On the Wednesday of the sprawling week of parties surrounding Ultra Music Festival, a special KLM flight will touch down in Miami filled only with industry types, and only from Amsterdam and its environs. It wasn't supposed to happen that way — in fact, KLM wasn't even set to start direct service to Miami from Amsterdam until April.

The airline, though, is very social media savvy — just like Dutch progressive trance producer Sied van Riel and his buddy, filmmaker Wilco Jung. Thus the Fly2Miami campaign was born, translating a Twitter hashtag into real-life plane trips to South Florida.

The idea germinated last year when van Riel made his maiden voyage to Winter Music Conference, spinning at Nikki Beach, Nocturnal, and Karu & Y, with extracurricular partying at Space and Ultra. Though he arrived in town following a South American tour that brought him to Miami from Buenos Aires, getting home was circuitous, with a reroute through Düsseldorf, Germany. Still, it was par for the course.

So when he and Jung booked their tickets for this year, they noticed something curious. "When I tried to book my flight, I saw I could get from Miami to Amsterdam, but not from Amsterdam to Miami," recalls Jung, whose company We Are the Night produces videos for Tiësto and other titans. "That was odd, so I started to Twitter to KLM."

Van Riel also took up the cause. "I saw a Tweet from KLM saying that they were going to open up a direct flight between Amsterdam and Miami on March 28. So I replied and said, 'Why don't you start a week earlier? We need a direct flight, as we are all going to Miami in that period,'" he recalls. "They eventually replied and said, 'OK, we will give you a plane as long as you can fill it up in six days.'"

They needed at least 150 reservations, and van Riel was then touring in Australia. He was working against a huge time difference. But the Internet has legs. Thanks to the hashtag #fly2miami, along with the close-knit nature of the Dutch electronic music community, word spread quickly.

But the major coup came when Tiësto himself tweeted a message about the flight. "Tijs is a good friend of ours," van Riel says. "He liked the idea, and once we went public, he was kind enough to share it with his followers." That tweet might seem like a small gesture — but consider the fact that Tiësto enjoys more than 346,000 followers on the site.

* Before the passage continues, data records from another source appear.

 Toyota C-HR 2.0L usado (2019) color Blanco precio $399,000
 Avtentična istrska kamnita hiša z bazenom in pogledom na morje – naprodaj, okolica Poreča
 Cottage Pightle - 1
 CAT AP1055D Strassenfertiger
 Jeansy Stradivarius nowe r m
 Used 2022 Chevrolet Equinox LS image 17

Not only did Jung and van Riel meet the crazy deadline, but also they made it in under half the time allotted. The flight sold out in 48 hours. "It became clear to KLM very quickly that the idea of a direct flight to Miami is a popular one among the Dutch dance scene," says Martijn van der Zee, vice president of e-commerce at KLM. "We can rightly call it a first — the first time KLM will deploy an aircraft following a request on Twitter."

The event is marked by an illustrious group of travelers. Besides DJs, producers, publicists, A&R types, bloggers, and so on, van Riel says the CEO of KLM and the mayor of Amstelveen (where KLM has headquarters) will also take the inaugural Amsterdam-Miami flight. And to mark the occasion, Jung and van Riel are releasing an official compilation via Black Hole Recordings, featuring many of the artists on board.

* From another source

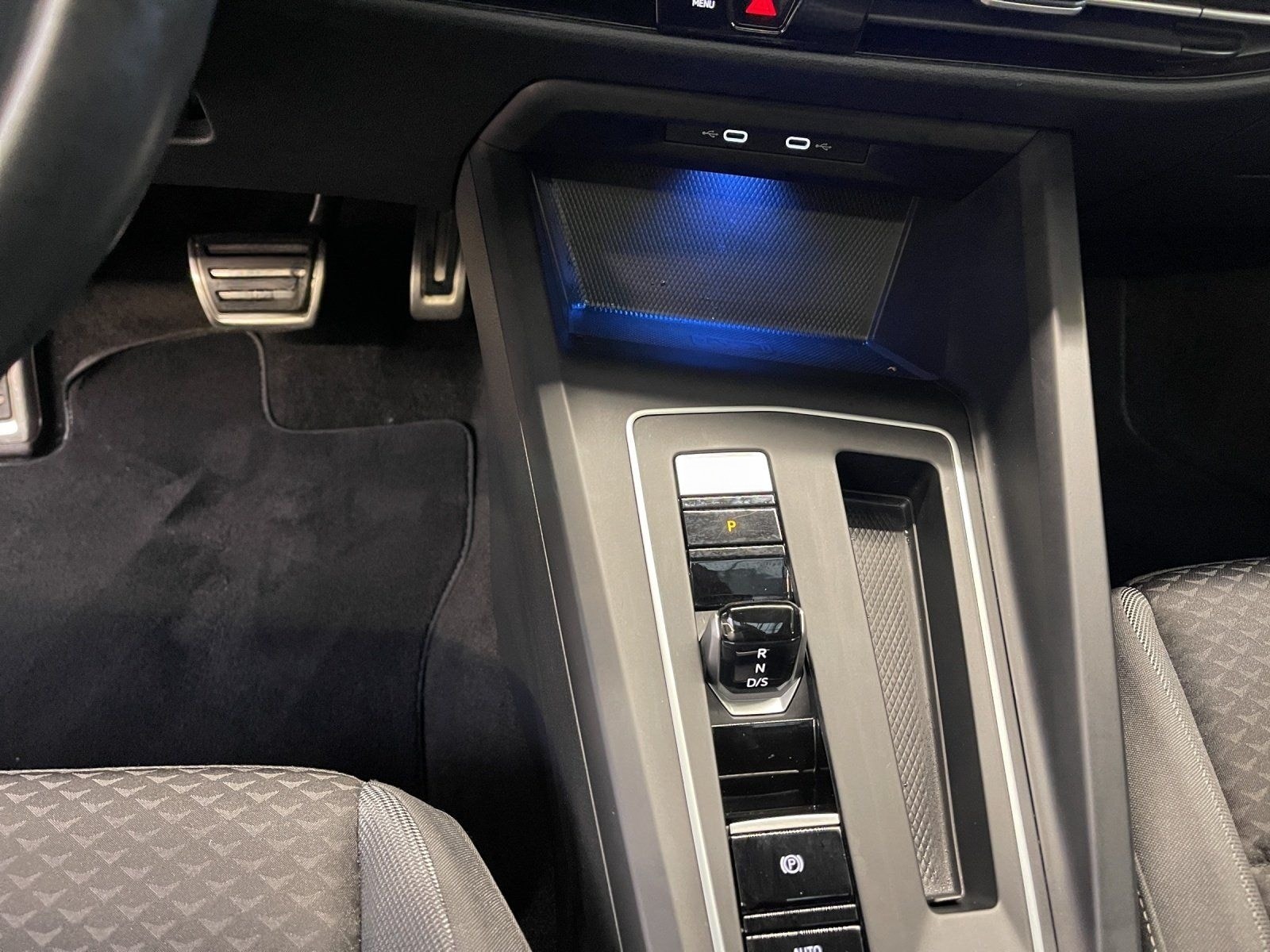 Volkswagen Golf VIII 2.0 TDI Active IQLight ACC AHK AUT HUD foto 14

There's one more first planned for Fly2Miami, too. Dutch television network BNN and radio station 3FM will join the trip to document it for posterity — a move that, organizers say, will mark the highest-altitude radio broadcast ever. "As far as I can tell now, it will all be live. We have been discussing every small detail as flight safety is our main priority," van Riel says.

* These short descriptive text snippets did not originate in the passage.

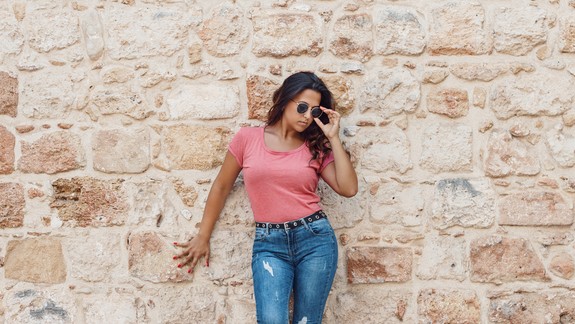 Ako si vybrať najlepšie džínsy podľa typu postavy? 4 módne tipy pre ženy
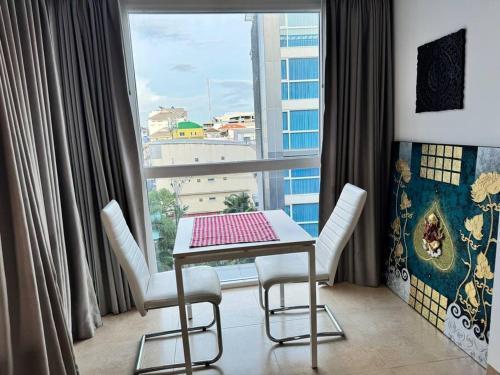 Centara avenue studio room poolview 6th floor - Tap to explore photos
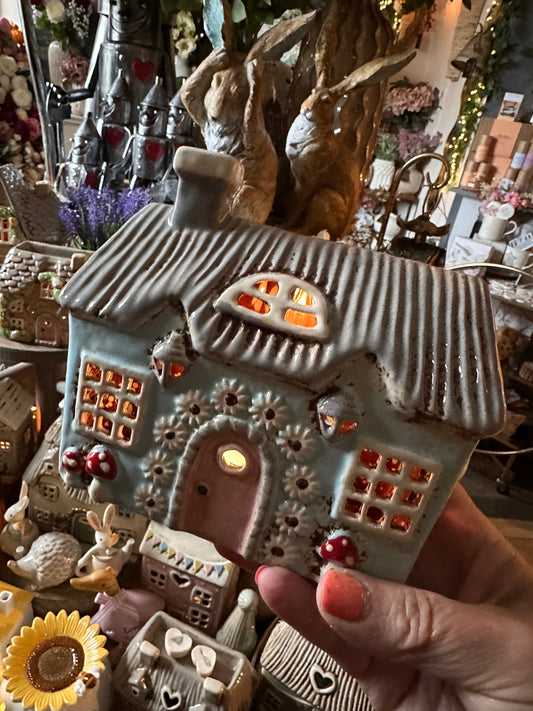 Stonewear Cottage with Mushrooms & Daisy Door Garland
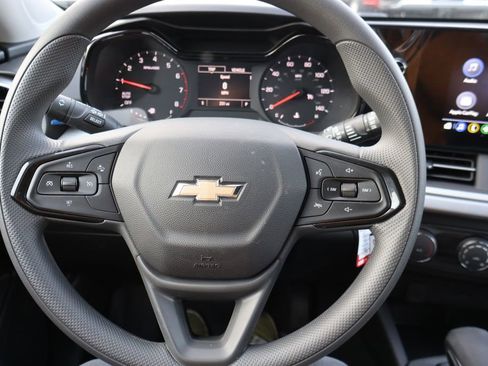 New 2026 Chevrolet Trax LS w/ Driver Confidence Package FWD image 7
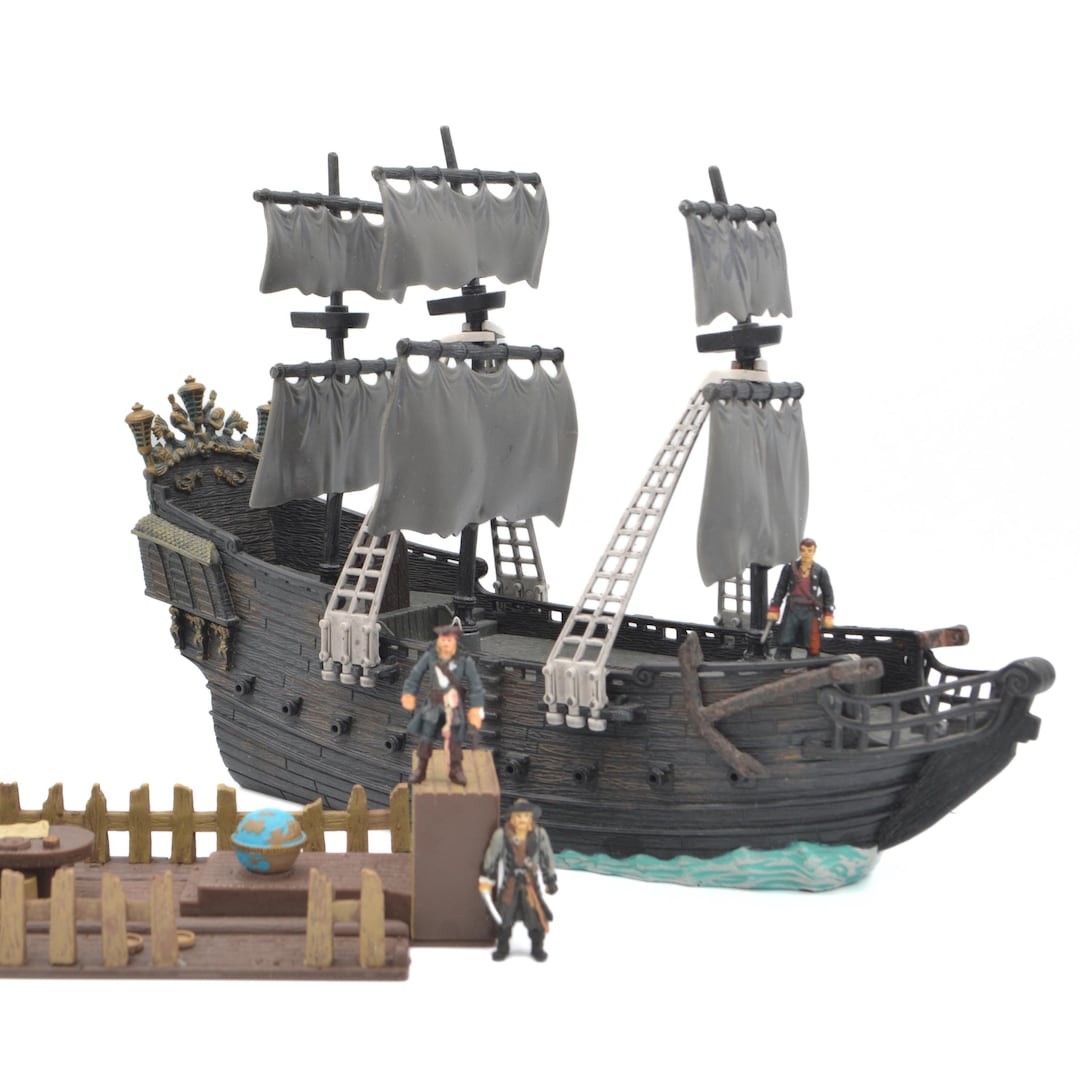 2007 Disney Pirates of the Caribbean at Worlds End Black Pearl
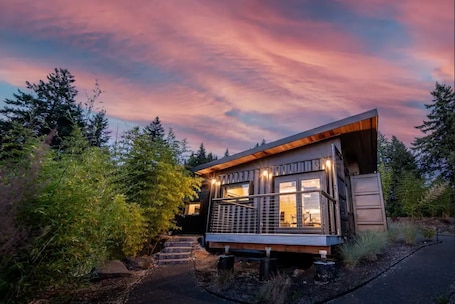 Exterior. Luxe Container Getaway with View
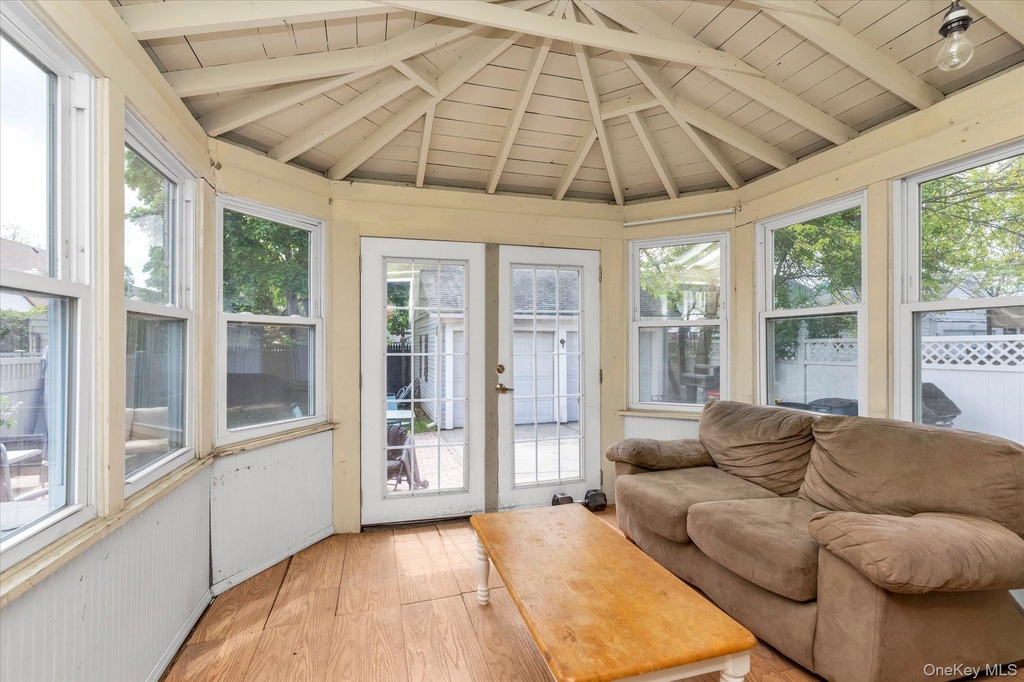 52 Syracuse Street - Photo 8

Yet even if the broadcast ends up being recorded and broadcast later, the entire affair will be kitted out in a way befitting the party-hearty dance music industry. "We have a DJ booth set up during the flight. The in-flight entertainment system has been adjusted. We have special food on board," he says. "We [even] have a DJ booth set up at the check-in desk in Amsterdam and special decorations. You name it, we got it!"